From 2010 to 2020, the ecological-economic space conflict in the Nanjing metropolitan area changed considerably. The spatial conflict status of the Nanjing metropolitan area was dominated by low conflict areas, and the lowest-conflict areas were mainly concentrated in the hilly areas of Chuzhou and the mountainous areas of Xuancheng. High-conflict and highest-conflict areas had the lowest proportion and were mainly concentrated in urban areas, while two large conflict areas formed in the central and northern regions of the metropolitan area. The proportion of medium-conflict areas is larger and mainly concentrated in the urban periphery.

(2)

The change in land use has a substantial effect on spatial conflicts. In general, the main land use types in the lowest-conflict zone are forest land and arable land, the main land use types in the low-conflict and medium-conflict zones are arable land, and the high-conflict and highest-conflict zones consist mainly of construction land. Therefore, spatial conflicts are easily triggered or intensified by disorderly urban expansion, whereas the presence of ecological land can mitigate spatial conflicts.

(3)

The relevant driving factors of spatial conflicts showed multi-level features.

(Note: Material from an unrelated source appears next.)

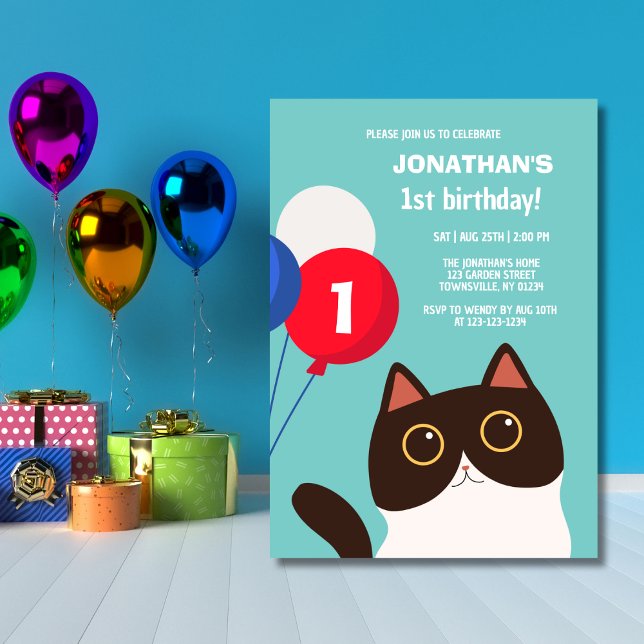 Cartoon Cat Rainbow Ballon Kindergeburtstag Einladung (Von Creator hochgeladen)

The factor that contributed most to the lowest-conflict and low-conflict areas was DEM, and the factor that contributed most to the highest-conflict and high-conflict areas was industrial density. However, the situation varied from year to year and from region to region, so the development of conflict reconciliation countermeasures needs to be tailored to local conditions.

Finally, this paper offers suggestions to help the Nanjing metropolitan area achieve sustainable development. As a typical metropolitan area in China, the sustainability and spatial conflict situation of the Nanjing metropolitan area needs more attention.